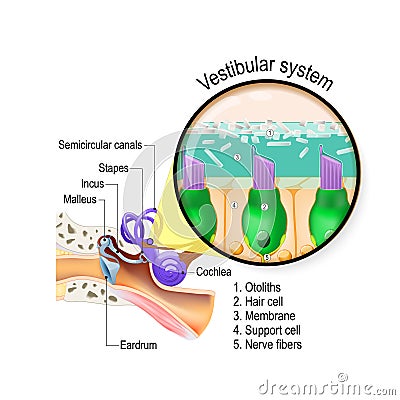 Vestibular system. inner ear with cochlea. Closeup of hair cells in a macula Vector Illustration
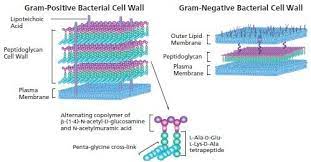 lysing enzymes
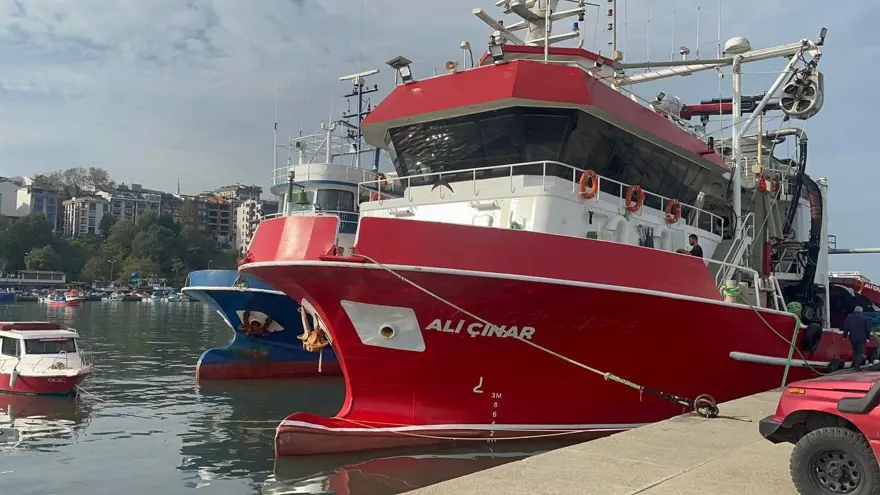 Omega-3 ve protein bombası: Bu sene kasa kasa çıkıyor, fiyatı düştü ilgi fazla 1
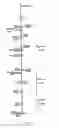 Fig. 03 - TRANSGENIC MOUSE MODEL FOR DEVELOPING ENZYME REPLACEMENT THERAPY FOR IDURONATE-2-SULFATASE DEFICIENCY SYNDROME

WHAT TO WORK ON: Any images must be left out; transcribe the rest of the material exactly.

FINAL ANSWER:
 Vestibular system. inner ear with cochlea. Closeup of hair cells in a macula Vector Illustration
 lysing enzymes
 Omega-3 ve protein bombası: Bu sene kasa kasa çıkıyor, fiyatı düştü ilgi fazla 1
 Fig. 03 - TRANSGENIC MOUSE MODEL FOR DEVELOPING ENZYME REPLACEMENT THERAPY FOR IDURONATE-2-SULFATASE DEFICIENCY SYNDROME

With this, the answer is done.